> **What you have to do**:
Which lines in the records below contain the word "Silver"? Copy each one out.

---- Data shown

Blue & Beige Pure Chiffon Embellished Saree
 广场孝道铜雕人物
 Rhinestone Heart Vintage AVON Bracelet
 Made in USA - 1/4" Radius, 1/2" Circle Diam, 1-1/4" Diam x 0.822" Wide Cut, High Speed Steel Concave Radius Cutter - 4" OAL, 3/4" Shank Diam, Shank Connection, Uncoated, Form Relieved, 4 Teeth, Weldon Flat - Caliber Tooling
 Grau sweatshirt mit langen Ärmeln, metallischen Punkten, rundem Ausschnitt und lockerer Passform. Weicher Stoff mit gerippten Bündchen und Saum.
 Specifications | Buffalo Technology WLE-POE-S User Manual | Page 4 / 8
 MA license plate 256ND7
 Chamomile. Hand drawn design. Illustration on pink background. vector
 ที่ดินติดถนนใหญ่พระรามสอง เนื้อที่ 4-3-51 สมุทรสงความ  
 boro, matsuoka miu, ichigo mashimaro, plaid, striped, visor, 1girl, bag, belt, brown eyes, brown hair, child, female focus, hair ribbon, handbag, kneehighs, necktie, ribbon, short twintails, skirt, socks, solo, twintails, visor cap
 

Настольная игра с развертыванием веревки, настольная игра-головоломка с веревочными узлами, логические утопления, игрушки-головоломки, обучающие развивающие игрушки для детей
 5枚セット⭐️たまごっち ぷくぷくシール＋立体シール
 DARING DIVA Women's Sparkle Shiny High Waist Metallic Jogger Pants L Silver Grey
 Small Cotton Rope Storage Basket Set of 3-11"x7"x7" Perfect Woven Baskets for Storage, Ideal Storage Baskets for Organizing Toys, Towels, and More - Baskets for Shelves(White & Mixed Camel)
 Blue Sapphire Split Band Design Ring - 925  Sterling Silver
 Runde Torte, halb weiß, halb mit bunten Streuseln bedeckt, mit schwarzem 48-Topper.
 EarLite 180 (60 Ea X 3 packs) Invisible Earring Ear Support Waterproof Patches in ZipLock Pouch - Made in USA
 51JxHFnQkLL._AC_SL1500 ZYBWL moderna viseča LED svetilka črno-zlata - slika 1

--------

> **Result below**:
 DARING DIVA Women's Sparkle Shiny High Waist Metallic Jogger Pants L Silver Grey
 Blue Sapphire Split Band Design Ring - 925  Sterling Silver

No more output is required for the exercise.